Entre eles, Mike Gallagher, presidente republicano do Comitê Seleto da Câmara sobre a Competição Estratégica entre os Estados Unidos e o Partido Comunista Chinês (PCC), disse à Reuters que Beijing estava tentando isolar Taiwan, possivelmente como um prelúdio para invadir a ilha, “tirando vantagem de nossa complacência”.

Por outro lado, autoridades dos EUA observam que Taiwan também parece “mais interessada em fortalecer os laços não oficiais com parceiros que pensam da mesma forma na Europa do que em competir para manter o escasso reconhecimento diplomático”, citando os casos da Lituânia e da República Tcheca.

EUA enfraquecido na América Latina

Na visão de David Castrillon-Kerrigan, professor-pesquisador sobre questões relacionadas à China na Universidade Externado da Colômbia, o governo dos EUA está “perdendo o controle” da América Latina.

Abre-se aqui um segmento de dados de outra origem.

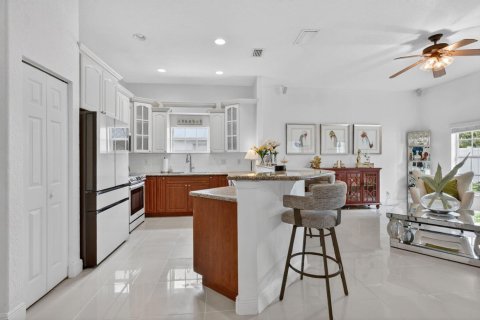 Villa ou maison à vendre à Port St. Lucie, Floride: 3 chambres, 183.3 m2 № 2315447 - photo 17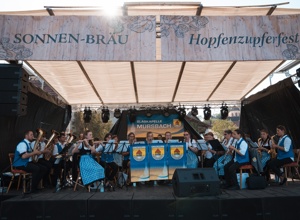 Neue Uniformen für die Blaskapelle Mürsbach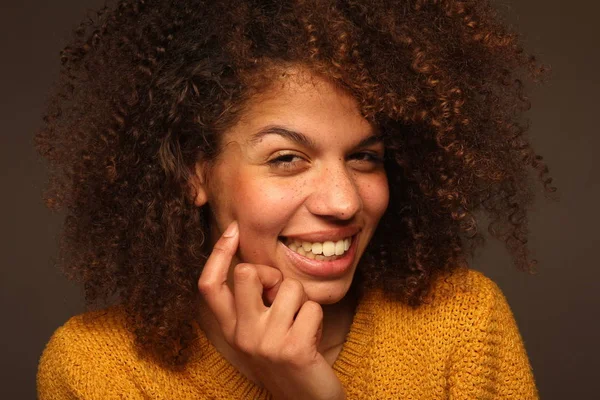 Portret Van Een Mooie Afro Vrouw — Stockfoto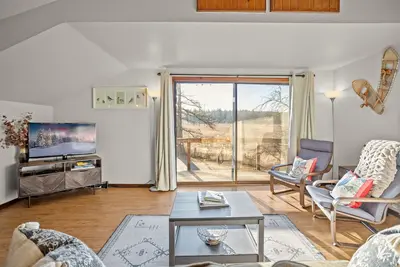 Image de 1 chambre, 1 salle de bain maison dans les bois, peut accueillir jusqu'Ă 4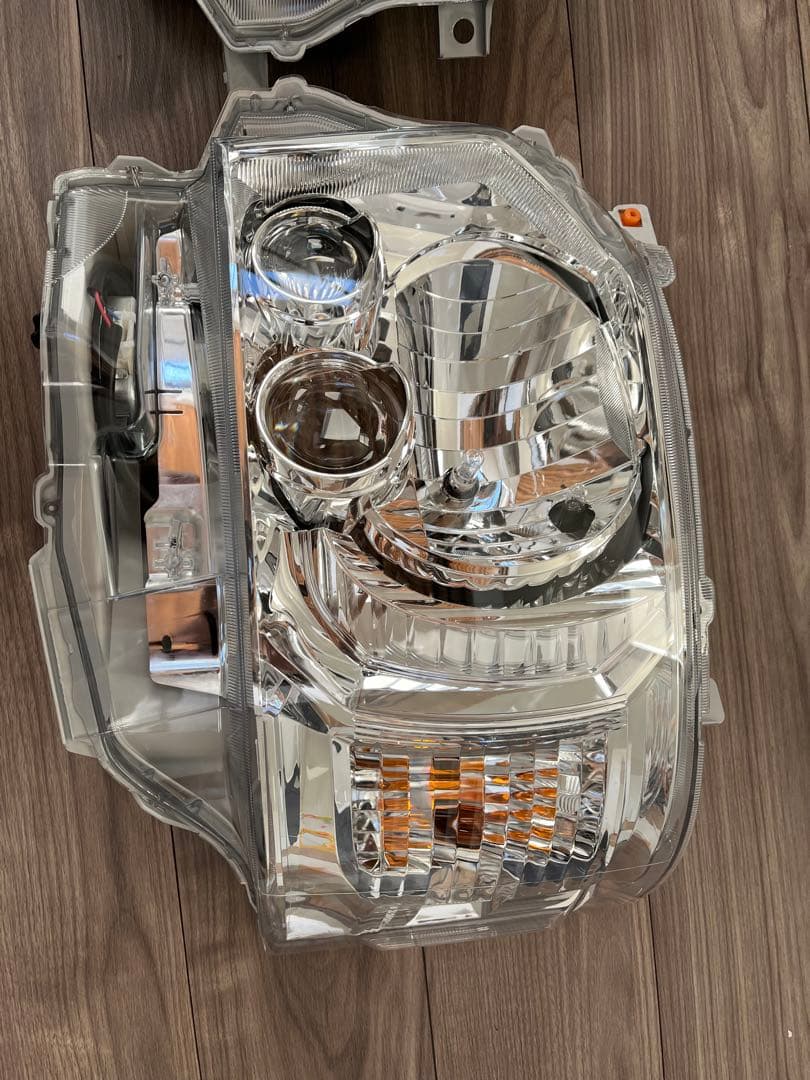 新品 ハイエース200系8型 純正ヘッドライト左右セットライトコントロール付き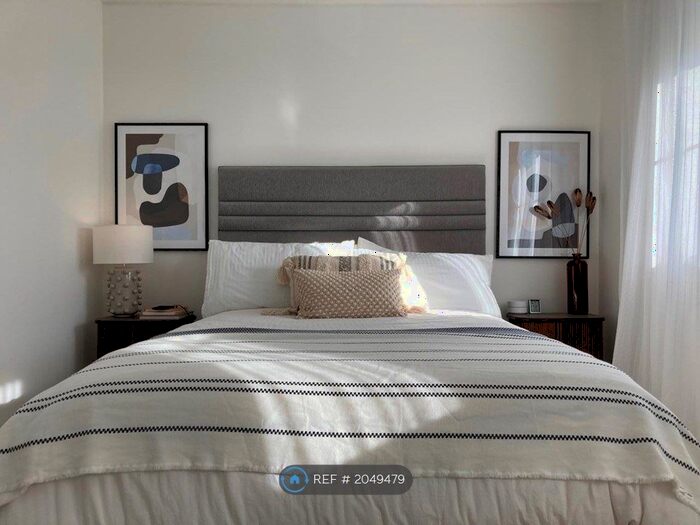 3 Bedroom Semi-Detached House To Rent In Scholars Rise, Middlesbrough, TS4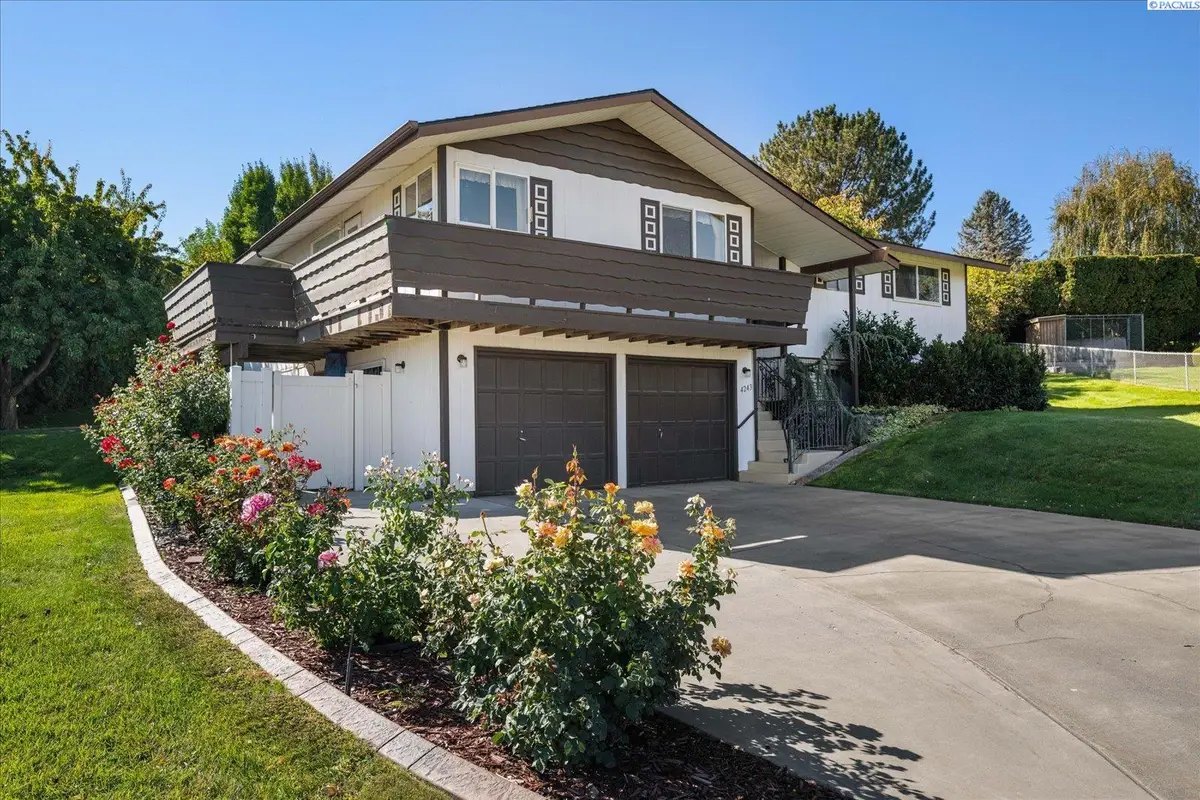 4243 King Dr, West Richland, WA 99353 - #1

“Para países como Honduras, não reconhecer o governo de Beijing significava perder oportunidades”, disse Castrillon-Kerrigan. “Os Estados Unidos estão definitivamente perdendo influência em todas as frentes, especialmente na frente econômica, mas também diplomática, política e culturalmente”, acrescentou.

Entre 2005 e 2020, os chineses investiram mais de US$ 130 bilhões na América Latina, segundo o Instituto de Paz dos Estados Unidos. O comércio entre a China e a região também disparou, devendo chegar a mais de US$ 700 bilhões até 2035.

Tamanho poder de influência chinês também vem da iniciativa multibilionária Nova Rota da Seda (BRI, na sigla em inglês, de Belt And Road Initiative), que ofereceu aos países em desenvolvimento portos, ferrovias, usinas de energia e outras infraestruturas, financiados por empréstimos concedidos a taxas de mercado. Em meio a tensões crescentes com Washington, toda essa cifra astronômica investida na América Latina parece estar “se pagando”.